Top of PROVIDED MATERIAL

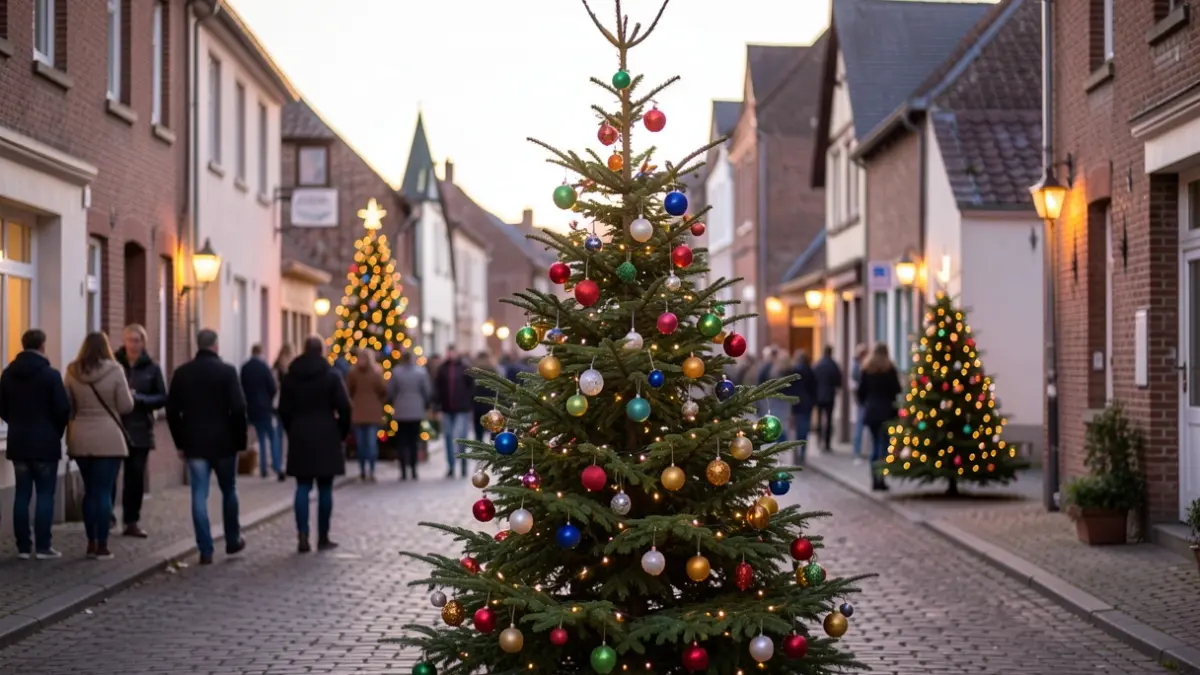 Un sapin de Noël décoré, installé dans la rue à Martelange, dans le cadre de l'opération 'Sapins de Noël dans nos rues'.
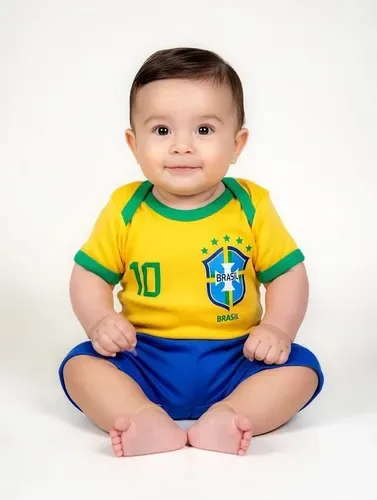 Kit Body Bebe Mesversario Brasil Futebol Menino Menina Copa
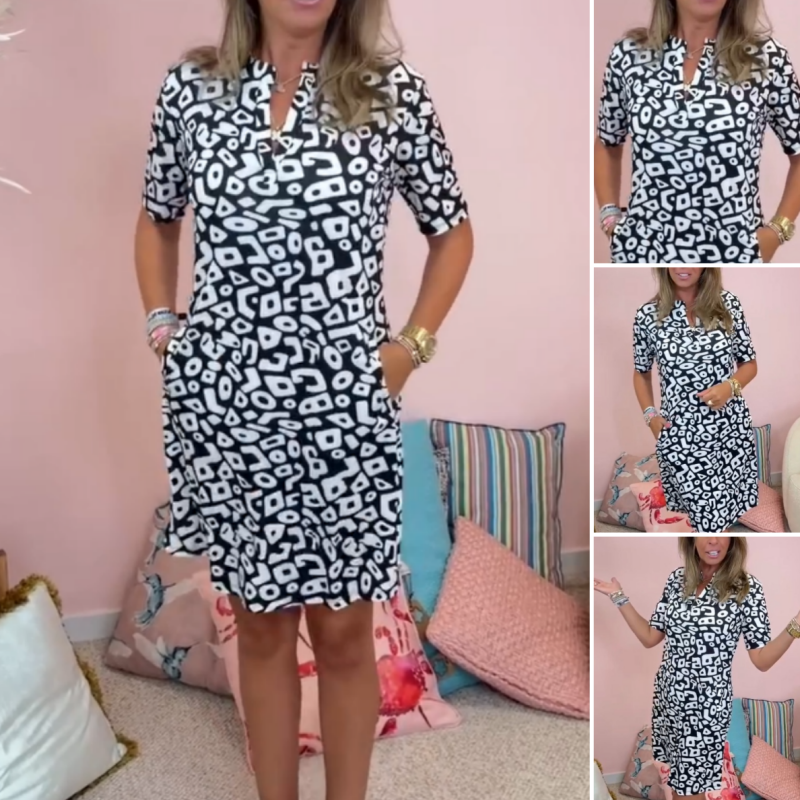 ✨Hot Flash Sale! Stylish Women’s V - Neck Short Sleeve Printed Casual Dress 🔥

Bottom of PROVIDED MATERIAL

#### REQUIRED WORK
Nothing but the pictures is to be left out; repeat the data exactly.

#### SOLUTION
 Un sapin de Noël décoré, installé dans la rue à Martelange, dans le cadre de l'opération 'Sapins de Noël dans nos rues'.
 Kit Body Bebe Mesversario Brasil Futebol Menino Menina Copa
 ✨Hot Flash Sale! Stylish Women’s V - Neck Short Sleeve Printed Casual Dress 🔥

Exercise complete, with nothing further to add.